People will expect you to explain what has happened to them. In many cases, you will not be able to do that. There are cases you may not want to be bothered with and others that are beyond your area of research. Always have a good list of other researchers that you can forward those kinds of cases to. This will satisfy people who have contacted you and let the media folks who shared their audience with you know that you took the time to answer every inquiry. Word spreads among the media and you may get additional exposure and guest spot invites.
Resources are always a problem. Unless you are fabulously wealthy, you are going to come up against a limited budget and too many ways to spend it. Focus your efforts on areas of the paranormal and cases that really interest you. Farm the others out to other investigators. Avoid referring people or cases to big paranormal research organizations. Most will not follow up on them and don’t really care.

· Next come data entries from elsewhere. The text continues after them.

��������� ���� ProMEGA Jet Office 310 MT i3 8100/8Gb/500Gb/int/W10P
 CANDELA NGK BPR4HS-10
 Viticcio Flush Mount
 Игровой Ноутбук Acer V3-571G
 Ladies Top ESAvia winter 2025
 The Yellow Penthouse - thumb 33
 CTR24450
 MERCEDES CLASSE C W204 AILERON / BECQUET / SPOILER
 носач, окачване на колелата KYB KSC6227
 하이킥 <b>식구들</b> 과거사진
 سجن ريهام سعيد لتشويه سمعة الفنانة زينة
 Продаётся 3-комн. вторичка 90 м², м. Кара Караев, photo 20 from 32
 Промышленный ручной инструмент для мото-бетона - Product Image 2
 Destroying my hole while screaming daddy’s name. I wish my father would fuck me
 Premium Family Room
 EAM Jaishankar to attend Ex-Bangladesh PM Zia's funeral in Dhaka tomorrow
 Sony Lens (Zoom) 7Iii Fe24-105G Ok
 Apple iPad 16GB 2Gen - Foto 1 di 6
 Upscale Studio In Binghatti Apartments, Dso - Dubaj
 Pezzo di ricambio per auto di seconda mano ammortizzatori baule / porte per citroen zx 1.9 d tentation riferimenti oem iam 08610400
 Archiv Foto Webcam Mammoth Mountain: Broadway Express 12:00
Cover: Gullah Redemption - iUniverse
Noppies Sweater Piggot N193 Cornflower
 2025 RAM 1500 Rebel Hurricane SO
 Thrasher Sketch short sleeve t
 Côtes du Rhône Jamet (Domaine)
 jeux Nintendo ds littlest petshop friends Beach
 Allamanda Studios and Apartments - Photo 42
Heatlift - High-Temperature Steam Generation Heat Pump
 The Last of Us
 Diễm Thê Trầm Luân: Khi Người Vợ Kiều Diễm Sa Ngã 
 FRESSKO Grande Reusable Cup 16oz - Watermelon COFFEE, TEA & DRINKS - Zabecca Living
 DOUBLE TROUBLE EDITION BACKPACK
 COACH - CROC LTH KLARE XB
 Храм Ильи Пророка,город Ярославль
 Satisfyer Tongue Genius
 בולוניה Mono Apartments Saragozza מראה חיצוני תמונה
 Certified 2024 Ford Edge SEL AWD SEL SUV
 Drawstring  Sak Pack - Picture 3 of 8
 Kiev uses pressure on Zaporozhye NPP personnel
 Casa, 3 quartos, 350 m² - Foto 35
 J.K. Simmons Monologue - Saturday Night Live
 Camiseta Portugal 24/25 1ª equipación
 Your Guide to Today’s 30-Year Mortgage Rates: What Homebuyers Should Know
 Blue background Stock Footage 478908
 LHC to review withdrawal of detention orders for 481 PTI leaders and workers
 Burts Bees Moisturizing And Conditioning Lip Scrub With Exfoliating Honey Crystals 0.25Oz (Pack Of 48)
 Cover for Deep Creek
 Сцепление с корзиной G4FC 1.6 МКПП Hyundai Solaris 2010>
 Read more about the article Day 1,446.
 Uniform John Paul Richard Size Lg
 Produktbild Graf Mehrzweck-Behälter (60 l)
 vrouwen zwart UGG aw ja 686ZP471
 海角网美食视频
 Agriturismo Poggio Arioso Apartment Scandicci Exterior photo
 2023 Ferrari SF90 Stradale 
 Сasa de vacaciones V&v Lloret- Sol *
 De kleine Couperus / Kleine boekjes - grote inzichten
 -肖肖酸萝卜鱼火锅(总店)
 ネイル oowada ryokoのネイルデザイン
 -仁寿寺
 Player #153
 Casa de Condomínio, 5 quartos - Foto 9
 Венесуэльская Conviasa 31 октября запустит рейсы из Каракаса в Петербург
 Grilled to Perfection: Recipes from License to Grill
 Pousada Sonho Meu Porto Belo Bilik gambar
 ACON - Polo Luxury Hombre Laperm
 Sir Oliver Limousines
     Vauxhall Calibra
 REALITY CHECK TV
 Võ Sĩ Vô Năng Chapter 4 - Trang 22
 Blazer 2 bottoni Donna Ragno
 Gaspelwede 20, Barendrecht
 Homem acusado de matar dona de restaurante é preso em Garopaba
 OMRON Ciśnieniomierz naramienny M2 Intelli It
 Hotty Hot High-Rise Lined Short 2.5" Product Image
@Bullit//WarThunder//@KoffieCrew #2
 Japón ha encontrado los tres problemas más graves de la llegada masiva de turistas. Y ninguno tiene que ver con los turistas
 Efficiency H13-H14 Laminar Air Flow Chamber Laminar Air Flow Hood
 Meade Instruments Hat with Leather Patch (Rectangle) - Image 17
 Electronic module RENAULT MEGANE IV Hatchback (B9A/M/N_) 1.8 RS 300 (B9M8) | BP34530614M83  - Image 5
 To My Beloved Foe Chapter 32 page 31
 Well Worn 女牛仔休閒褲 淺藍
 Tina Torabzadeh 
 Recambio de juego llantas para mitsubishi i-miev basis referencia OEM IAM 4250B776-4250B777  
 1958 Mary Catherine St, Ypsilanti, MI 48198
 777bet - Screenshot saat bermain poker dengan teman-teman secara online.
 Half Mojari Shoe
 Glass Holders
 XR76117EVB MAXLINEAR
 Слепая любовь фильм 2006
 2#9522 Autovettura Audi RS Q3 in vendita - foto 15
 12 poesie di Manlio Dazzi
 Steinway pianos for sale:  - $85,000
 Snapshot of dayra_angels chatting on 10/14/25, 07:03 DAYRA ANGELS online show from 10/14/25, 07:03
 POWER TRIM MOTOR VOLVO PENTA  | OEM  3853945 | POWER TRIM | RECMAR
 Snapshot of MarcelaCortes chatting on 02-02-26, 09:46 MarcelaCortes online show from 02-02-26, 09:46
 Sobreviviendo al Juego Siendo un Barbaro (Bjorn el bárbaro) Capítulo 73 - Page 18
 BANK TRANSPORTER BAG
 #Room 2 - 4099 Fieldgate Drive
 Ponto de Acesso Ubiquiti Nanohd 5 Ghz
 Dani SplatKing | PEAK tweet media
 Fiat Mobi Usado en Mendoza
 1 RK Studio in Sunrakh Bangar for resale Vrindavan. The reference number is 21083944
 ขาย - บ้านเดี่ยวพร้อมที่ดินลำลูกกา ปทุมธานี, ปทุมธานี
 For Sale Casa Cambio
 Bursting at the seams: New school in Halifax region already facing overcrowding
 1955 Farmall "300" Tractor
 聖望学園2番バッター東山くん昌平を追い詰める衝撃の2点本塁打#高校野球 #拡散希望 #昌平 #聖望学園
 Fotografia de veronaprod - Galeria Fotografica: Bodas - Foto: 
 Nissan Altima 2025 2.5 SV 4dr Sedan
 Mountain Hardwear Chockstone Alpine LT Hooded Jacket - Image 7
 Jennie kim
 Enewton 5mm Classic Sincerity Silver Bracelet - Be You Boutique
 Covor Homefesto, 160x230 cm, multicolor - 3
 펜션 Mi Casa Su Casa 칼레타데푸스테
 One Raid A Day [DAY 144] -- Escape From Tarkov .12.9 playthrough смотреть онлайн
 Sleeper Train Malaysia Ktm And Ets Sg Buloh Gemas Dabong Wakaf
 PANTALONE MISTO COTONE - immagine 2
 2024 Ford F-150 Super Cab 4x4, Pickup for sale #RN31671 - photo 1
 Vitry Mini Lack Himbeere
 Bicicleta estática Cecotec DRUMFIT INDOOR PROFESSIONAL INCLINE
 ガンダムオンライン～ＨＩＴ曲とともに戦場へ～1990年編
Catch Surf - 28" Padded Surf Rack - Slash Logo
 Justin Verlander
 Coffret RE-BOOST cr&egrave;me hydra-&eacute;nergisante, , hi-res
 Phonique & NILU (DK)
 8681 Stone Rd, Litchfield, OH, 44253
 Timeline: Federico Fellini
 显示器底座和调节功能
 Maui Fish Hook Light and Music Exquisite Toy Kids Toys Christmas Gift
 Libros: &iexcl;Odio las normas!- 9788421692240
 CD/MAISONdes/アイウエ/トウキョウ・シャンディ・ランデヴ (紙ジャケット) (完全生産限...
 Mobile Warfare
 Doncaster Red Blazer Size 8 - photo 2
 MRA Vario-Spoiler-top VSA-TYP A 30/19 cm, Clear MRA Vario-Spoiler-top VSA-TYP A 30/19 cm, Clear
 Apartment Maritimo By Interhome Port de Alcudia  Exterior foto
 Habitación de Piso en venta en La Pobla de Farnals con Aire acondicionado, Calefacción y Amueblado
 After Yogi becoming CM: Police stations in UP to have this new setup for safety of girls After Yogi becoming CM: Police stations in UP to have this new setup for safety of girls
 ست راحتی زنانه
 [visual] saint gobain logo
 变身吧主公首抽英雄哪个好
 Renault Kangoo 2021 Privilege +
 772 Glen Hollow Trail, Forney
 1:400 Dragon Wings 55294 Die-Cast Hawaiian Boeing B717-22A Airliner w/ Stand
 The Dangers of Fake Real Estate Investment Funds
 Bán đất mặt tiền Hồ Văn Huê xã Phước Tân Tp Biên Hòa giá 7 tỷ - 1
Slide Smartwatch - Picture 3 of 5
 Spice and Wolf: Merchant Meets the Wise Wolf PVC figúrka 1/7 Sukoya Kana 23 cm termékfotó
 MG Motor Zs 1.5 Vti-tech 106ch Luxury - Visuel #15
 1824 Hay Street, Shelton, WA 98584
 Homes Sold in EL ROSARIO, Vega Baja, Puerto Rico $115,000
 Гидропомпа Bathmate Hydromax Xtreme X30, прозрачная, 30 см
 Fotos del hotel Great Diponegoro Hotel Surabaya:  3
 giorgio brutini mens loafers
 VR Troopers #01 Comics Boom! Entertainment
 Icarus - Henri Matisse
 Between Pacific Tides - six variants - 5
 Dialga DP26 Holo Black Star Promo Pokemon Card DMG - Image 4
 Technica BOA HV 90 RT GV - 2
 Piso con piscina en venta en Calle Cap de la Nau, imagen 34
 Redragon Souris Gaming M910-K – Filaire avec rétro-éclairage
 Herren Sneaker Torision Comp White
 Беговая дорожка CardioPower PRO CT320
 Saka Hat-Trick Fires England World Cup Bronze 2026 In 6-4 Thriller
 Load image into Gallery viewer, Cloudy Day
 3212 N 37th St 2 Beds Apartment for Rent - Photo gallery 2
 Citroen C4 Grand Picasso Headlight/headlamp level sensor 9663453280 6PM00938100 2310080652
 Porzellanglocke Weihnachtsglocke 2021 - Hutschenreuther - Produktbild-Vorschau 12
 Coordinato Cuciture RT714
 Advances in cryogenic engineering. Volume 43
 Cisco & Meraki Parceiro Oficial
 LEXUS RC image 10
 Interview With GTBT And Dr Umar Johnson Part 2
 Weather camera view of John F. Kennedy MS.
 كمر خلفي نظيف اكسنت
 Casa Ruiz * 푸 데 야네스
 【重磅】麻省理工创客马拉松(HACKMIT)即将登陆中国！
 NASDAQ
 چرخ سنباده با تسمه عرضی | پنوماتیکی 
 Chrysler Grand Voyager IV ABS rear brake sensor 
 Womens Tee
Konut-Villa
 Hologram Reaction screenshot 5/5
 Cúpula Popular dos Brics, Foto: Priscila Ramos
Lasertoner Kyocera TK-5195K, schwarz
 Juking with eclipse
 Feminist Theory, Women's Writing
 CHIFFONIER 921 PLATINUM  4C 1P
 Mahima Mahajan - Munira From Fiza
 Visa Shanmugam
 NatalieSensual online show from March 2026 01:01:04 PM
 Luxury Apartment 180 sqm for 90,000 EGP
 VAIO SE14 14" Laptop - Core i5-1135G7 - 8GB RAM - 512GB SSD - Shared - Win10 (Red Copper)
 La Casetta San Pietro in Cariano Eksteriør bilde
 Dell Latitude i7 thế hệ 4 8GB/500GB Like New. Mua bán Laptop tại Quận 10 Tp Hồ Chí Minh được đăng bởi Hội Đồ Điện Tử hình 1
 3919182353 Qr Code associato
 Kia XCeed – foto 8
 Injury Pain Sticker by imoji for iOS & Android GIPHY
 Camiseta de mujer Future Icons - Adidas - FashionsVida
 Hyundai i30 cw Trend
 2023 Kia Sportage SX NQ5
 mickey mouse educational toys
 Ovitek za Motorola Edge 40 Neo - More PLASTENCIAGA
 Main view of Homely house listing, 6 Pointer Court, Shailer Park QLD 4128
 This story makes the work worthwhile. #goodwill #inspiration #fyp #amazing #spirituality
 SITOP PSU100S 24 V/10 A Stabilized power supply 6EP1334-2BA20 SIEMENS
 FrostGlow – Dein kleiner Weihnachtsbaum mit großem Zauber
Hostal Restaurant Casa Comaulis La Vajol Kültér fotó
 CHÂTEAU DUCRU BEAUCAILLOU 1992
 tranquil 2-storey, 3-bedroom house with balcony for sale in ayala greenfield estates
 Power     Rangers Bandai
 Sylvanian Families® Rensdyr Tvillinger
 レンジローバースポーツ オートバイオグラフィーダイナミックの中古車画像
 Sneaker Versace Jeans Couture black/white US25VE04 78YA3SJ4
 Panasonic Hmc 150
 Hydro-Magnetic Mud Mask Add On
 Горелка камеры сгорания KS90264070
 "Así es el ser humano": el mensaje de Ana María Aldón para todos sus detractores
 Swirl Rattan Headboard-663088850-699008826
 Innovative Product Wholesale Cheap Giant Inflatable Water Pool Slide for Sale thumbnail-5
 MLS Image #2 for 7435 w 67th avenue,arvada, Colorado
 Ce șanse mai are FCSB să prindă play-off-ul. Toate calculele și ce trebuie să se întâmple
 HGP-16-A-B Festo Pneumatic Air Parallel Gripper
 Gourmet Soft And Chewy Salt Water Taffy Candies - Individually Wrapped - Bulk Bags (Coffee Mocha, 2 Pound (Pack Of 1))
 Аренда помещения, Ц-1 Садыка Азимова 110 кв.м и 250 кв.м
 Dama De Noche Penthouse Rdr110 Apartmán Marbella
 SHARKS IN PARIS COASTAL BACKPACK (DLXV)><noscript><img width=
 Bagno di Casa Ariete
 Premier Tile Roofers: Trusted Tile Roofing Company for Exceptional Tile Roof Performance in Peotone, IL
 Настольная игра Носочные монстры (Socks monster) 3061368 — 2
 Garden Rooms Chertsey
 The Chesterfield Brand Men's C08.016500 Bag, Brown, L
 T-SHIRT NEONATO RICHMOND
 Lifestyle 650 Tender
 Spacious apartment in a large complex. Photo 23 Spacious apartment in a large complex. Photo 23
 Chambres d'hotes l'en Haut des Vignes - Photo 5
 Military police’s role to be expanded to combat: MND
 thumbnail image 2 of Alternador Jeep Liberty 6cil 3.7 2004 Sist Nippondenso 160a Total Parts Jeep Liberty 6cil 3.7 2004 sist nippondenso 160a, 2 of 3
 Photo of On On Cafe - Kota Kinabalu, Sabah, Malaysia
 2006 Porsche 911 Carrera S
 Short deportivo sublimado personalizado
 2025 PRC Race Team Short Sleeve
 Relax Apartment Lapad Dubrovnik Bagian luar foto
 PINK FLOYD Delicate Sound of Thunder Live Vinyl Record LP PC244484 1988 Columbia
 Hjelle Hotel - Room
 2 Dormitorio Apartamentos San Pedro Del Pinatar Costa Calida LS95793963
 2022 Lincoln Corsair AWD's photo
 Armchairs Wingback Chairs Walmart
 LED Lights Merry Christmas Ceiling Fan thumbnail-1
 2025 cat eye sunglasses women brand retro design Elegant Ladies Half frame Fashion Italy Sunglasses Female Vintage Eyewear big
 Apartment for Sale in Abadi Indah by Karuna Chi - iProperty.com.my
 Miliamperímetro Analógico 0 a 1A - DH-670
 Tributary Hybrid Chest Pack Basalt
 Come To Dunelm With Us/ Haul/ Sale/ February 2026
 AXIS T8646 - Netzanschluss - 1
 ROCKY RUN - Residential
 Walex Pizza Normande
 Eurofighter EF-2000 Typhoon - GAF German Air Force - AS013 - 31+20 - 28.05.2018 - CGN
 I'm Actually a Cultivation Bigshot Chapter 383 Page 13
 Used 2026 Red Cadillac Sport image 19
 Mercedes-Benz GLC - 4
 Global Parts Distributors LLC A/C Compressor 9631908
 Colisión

Always be on the lookout for free resources. It might surprise you to know that many Educators have an interest in the paranormal. Some may offer you the opportunity to contact them for free advice or services like lab work or expert opinions. The best way to find these people is to write letters (do not email). Write to some of your local Universities and target Department Heads. Introduce yourself and invite those interested in paranormal research to offer you their expertise in their specific fields (science, psychology, psychiatry, geology, etc). While you may end up getting calls from skeptics, you are just as likely to find some objective scholars willing to help.
Perfecting the art of conversation is a must. The ability to set people at ease and converse with them will always be your best investigative tool. While physical and photographic evidence is important, it’s what people say and the details they provide to you that will be the key to understanding any unexplained event. Be a Listener. Seriously consider what paranormal witnesses have to say and avoid injecting your own views.
A good paranormal investigator is one that puts it all together. You assemble data, let the experts interpret it for you and make a determination. If you cannot, be honest. Because the paranormal is not an accepted area of study for most scientists or scholars, all we have are facts. Rather then study those facts, many skeptics dismiss them out of hand. It’s your job to look at all the facts of a particular case, spot similarities, point them out to those who have had the experience and form your own theories.
Beyond technique, there are some built in sinkholes that many researchers fall into. The two biggest are self-importance and exclusivity. As the old saying goes, never believe your own press. The media and people interested in the subject will approach you and some will sing your praises. Whether sincere or not, those praises can easily go to your head if you let them. Even if you can control your own self-importance, you may end up with many followers. Some will be a lot more intense then others.
Self importance leads to exclusivity. Before you know it, you are the only one who is right. Even now, there are many UFO and Paranormal Resarchers who simply cannot stand the idea that anyone else is out there doing what they are doing. These kinds of people attract their own and are an embarssment to the rest of us.
The easiest way to avoid these sinkholes is by keeping what you're doing in perspective. First, don't become obsessed by the subject or the work. It's easy to get too involved. Limit your research to what really interests you and keep your association with others cordial. If they want to spend all their grocery money on investigations and every bit of their free time answering some UFO hotline, let them do it.
People with the best information or tips to share avoid researchers on the edge. That's why people who become obsessed are always seeing a conspiracy behind every tree and think every light in the sky is a UFO crash. It's all they have. Given that, when they do parade someone before the public who claims to be some fabulous military or other whistleblower, we have to wonder how much of that is true?
The only way to survive and prosper as a UFO or Paranormal Researcher is to work with like-minded people, keep things in perspective and let it always be about the information and not you. Keep your eyes on the skies and your feet on the ground!